> WORK TO BE COMPLETED:
Every line of the entries below from the one containing "Interceptor Flavor Tabs" to the one containing "Yamaha XJ900S DIVERSION 2000", both ends included, must be written out exactly. No other line belongs in the answer.

> SUPPLIED DATA:
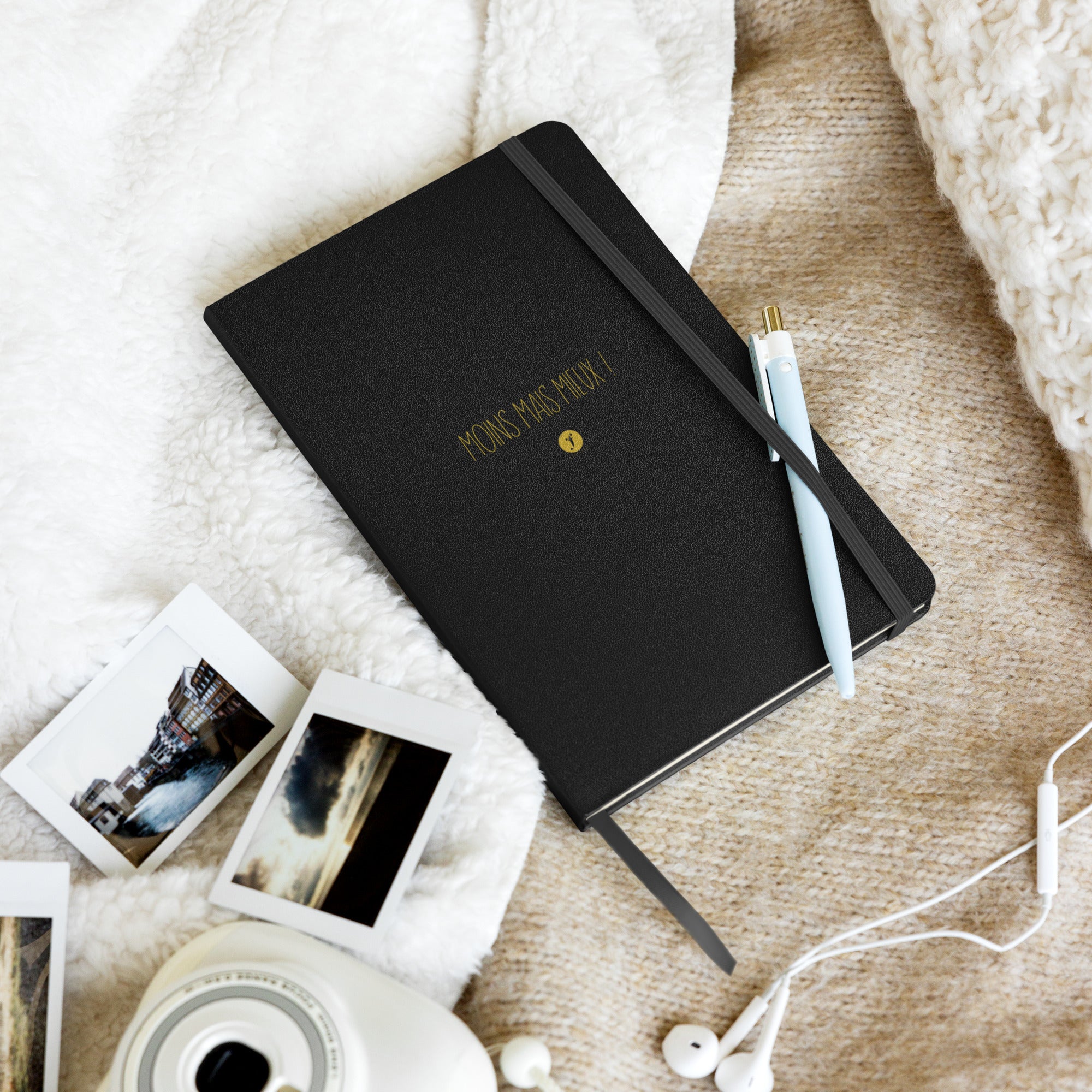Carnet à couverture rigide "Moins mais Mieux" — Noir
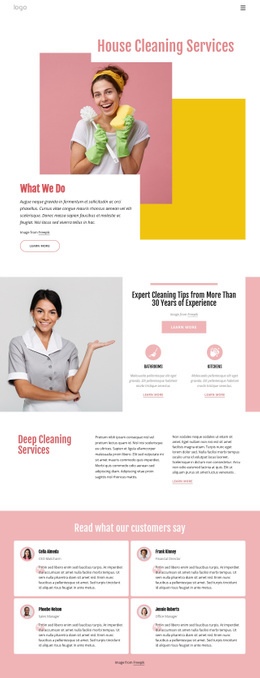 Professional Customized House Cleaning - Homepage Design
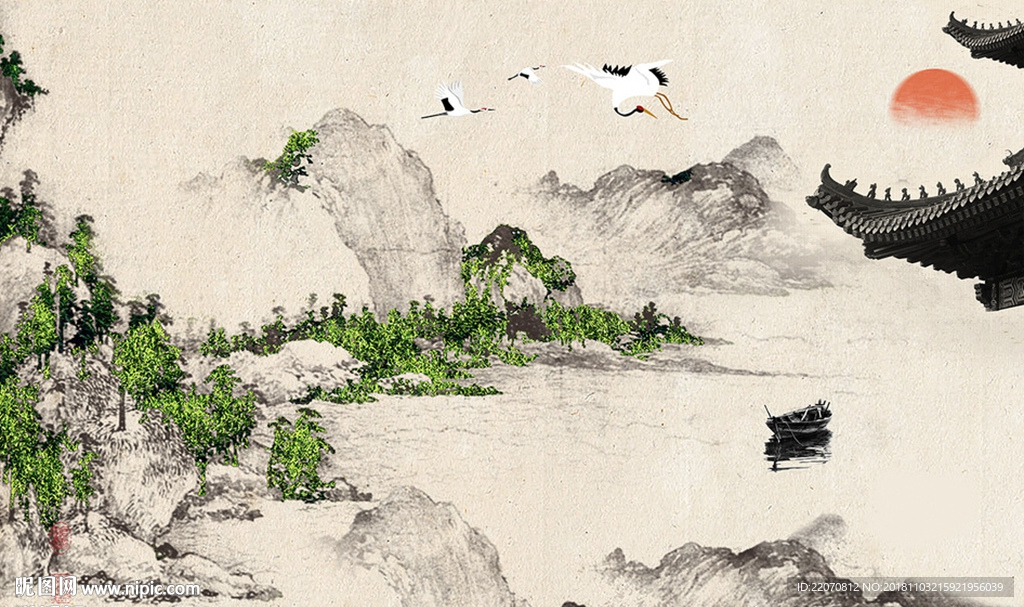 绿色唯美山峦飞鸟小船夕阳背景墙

--

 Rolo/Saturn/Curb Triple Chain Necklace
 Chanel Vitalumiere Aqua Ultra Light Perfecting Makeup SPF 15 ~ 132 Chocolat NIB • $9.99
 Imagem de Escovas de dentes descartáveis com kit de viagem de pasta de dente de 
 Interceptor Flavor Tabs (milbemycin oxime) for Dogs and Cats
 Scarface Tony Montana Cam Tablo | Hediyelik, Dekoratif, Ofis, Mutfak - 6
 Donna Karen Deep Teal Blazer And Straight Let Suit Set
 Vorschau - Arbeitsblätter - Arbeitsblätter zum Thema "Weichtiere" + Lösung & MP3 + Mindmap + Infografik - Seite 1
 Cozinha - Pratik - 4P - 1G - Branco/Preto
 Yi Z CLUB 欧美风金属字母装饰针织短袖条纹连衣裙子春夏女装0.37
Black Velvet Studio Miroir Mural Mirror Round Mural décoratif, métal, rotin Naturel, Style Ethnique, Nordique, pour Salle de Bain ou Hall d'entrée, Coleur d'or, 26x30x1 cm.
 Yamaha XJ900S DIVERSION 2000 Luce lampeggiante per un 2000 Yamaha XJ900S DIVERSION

> THE COMPLETED TASK:
 Interceptor Flavor Tabs (milbemycin oxime) for Dogs and Cats
 Scarface Tony Montana Cam Tablo | Hediyelik, Dekoratif, Ofis, Mutfak - 6
 Donna Karen Deep Teal Blazer And Straight Let Suit Set
 Vorschau - Arbeitsblätter - Arbeitsblätter zum Thema "Weichtiere" + Lösung & MP3 + Mindmap + Infografik - Seite 1
 Cozinha - Pratik - 4P - 1G - Branco/Preto
 Yi Z CLUB 欧美风金属字母装饰针织短袖条纹连衣裙子春夏女装0.37
Black Velvet Studio Miroir Mural Mirror Round Mural décoratif, métal, rotin Naturel, Style Ethnique, Nordique, pour Salle de Bain ou Hall d'entrée, Coleur d'or, 26x30x1 cm.
 Yamaha XJ900S DIVERSION 2000 Luce lampeggiante per un 2000 Yamaha XJ900S DIVERSION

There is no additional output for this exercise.